Since around 2008 I have promoted ubuntu over other distros, over windows and even over mac. Basically a bit more than a decade. I managed to help somewhere around 2k new users to Ubuntu that most still enjoy it today. Of the many points I got asked, one always stands out, which is gaming on linux. In this case, gaming on Ubuntu.

This is my biggest selling point to convince most users to not only use but also stay on Linux. In my particular life, convince, teach and make someone love ubuntu, stay on it and enjoy it everyday.

If you check on askubuntu you will see a wine question that was created a long time ago with the effort of communicating to the public and showing new users that you can potentially play windows games on Ubuntu, run Microsoft products on Ubuntu and do many things that I had to fight, struggle and dedicate myself in order to find ways for new users to end up loving ubuntu (got a bit carried away but it has been10 years dedicated to ubuntu here). So when this announcement came, I actually thought it was a great idea. I mean it’s 2019 and 64 bit stuff is almost 2 decades old. So I was all for it. But then I saw the post about wine developers and the issues they would have, potentially crippling new users and existing users to stay in Ubuntu. Then today I see the one about steam and what their thoughts are about leaving Ubuntu 19.10 and future versions. Basically killing the biggest points I use to promote Ubuntu for everyone.
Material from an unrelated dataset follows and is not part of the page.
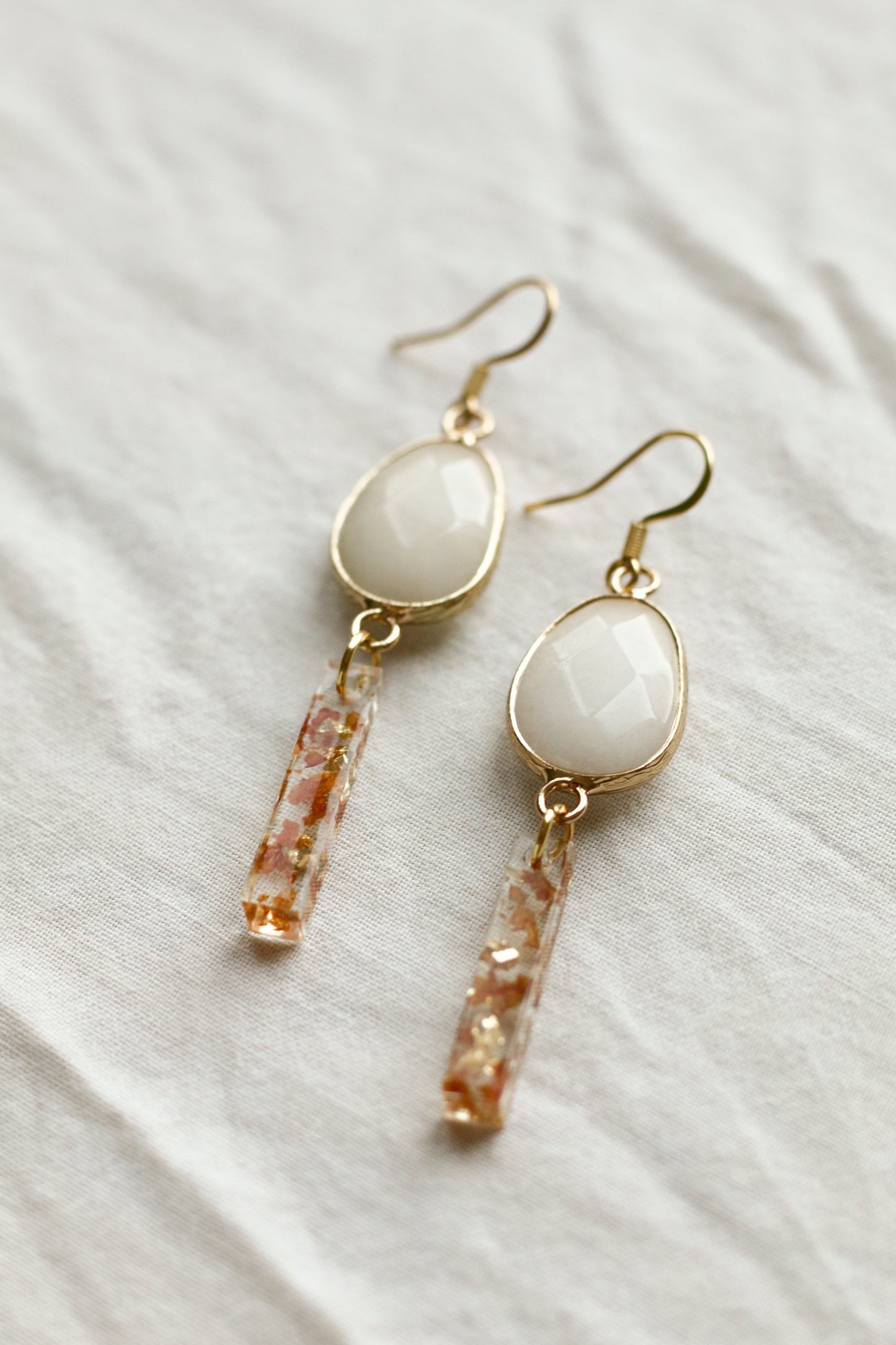 Boucles d'oreilles Pumpkin spice latte n°05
Obviously this is not critical from a development point of view, but I hope someone reads this and understands the effort I have put for an operating system (and even a community like askubuntu) and then see all of this happening and the negative effect it would have primarily on the community. I hope this small grain of sand helps a bit in reversing this decision, looking for an alternative (which I can see it is being worked on) but not affect the community in a way that would make ubuntu a distro that is npt an option for many users. Thank you.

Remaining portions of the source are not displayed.